Segment Start: INFORMATION SUPPLIED
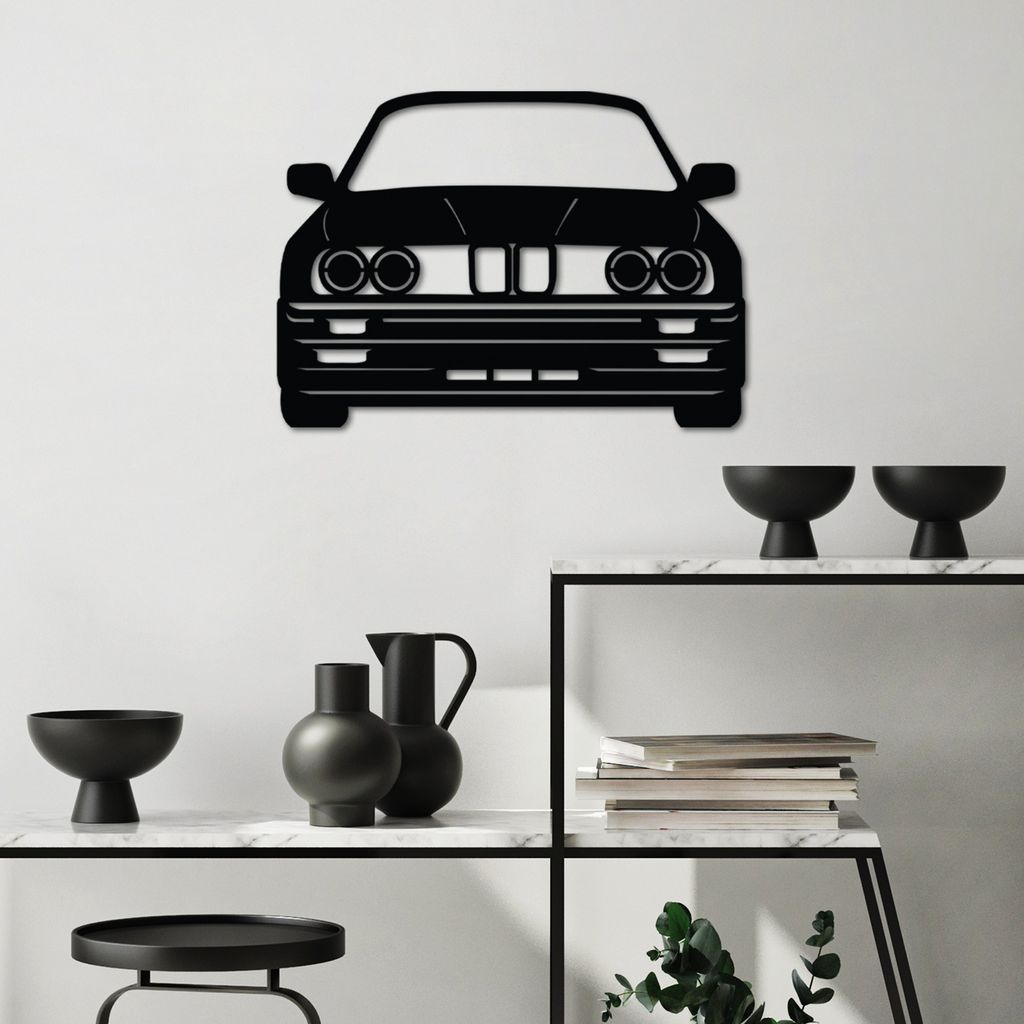 Wallity, BMW M3 E30, Nachbildungatives Wandaccessoire aus Metall, Schwarz, 100 % METALL, 57 x 41 cm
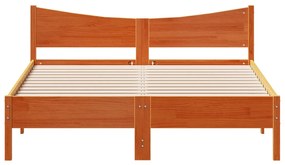 Cama sem colchão 160x200 cm madeira pinho maciço castanho-mel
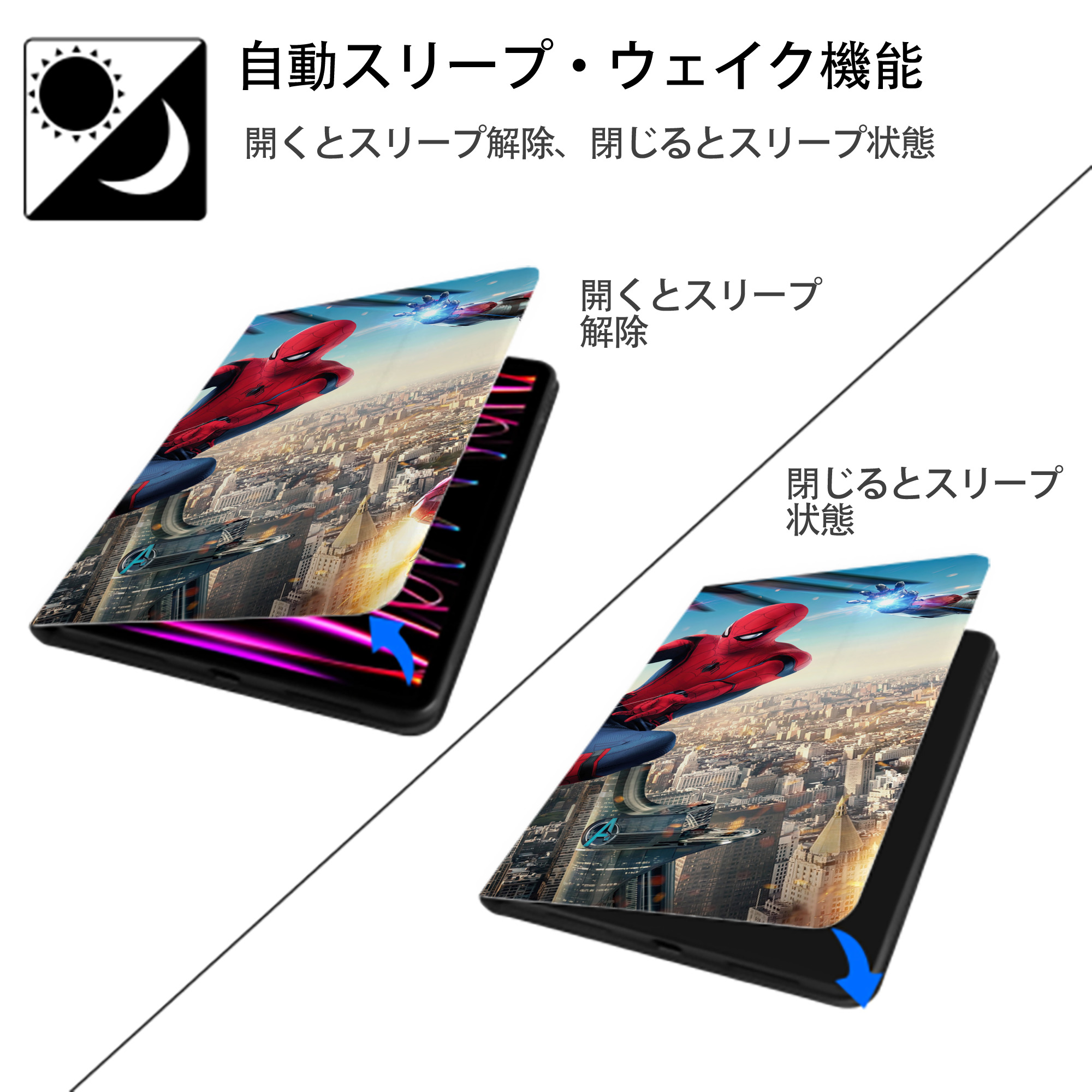 Spider Man スパイダーマン IPad ケース ブック型 PUレザー TPU 耐衝撃 軽量 薄型 ペン収納なし 全面保護 IPad 各モデル対応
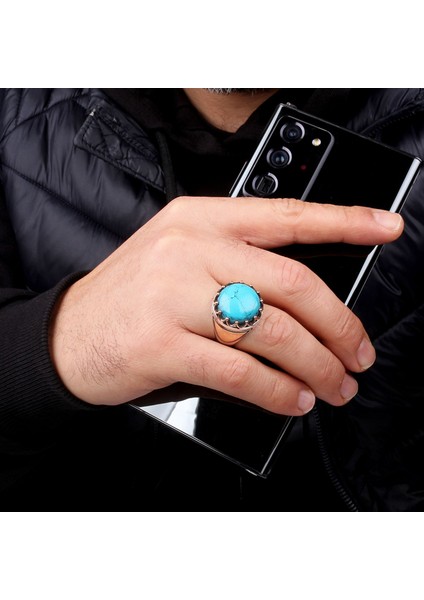 Turkuaz Taşlı Oval Model 925 Ayar Gümüş Erkek Yüzük fırsatları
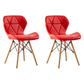 Home Contemporary Side Chair Wingback Upholstered Wood Dining Room Chair Red Set of 2 Clearhalo ' kitchen&dining_furn' 'Dining Chairs' 'Dining Tables & Seating' 'dining_chair' 'Furniture' 'furniture_dining_chair' 'Kitchen & Dining Furniture' 'kitchen' 3909388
Segment End: INFORMATION SUPPLIED
▸ EXERCISE:
With the pictures omitted, the entries are to be transcribed in full, exactly as they appear.

▸ SOLUTION FOR THIS PROBLEM:
 Wallity, BMW M3 E30, Nachbildungatives Wandaccessoire aus Metall, Schwarz, 100 % METALL, 57 x 41 cm
 Cama sem colchão 160x200 cm madeira pinho maciço castanho-mel
 Spider Man スパイダーマン IPad ケース ブック型 PUレザー TPU 耐衝撃 軽量 薄型 ペン収納なし 全面保護 IPad 各モデル対応
 Turkuaz Taşlı Oval Model 925 Ayar Gümüş Erkek Yüzük fırsatları
 Home Contemporary Side Chair Wingback Upholstered Wood Dining Room Chair Red Set of 2 Clearhalo ' kitchen&dining_furn' 'Dining Chairs' 'Dining Tables & Seating' 'dining_chair' 'Furniture' 'furniture_dining_chair' 'Kitchen & Dining Furniture' 'kitchen' 3909388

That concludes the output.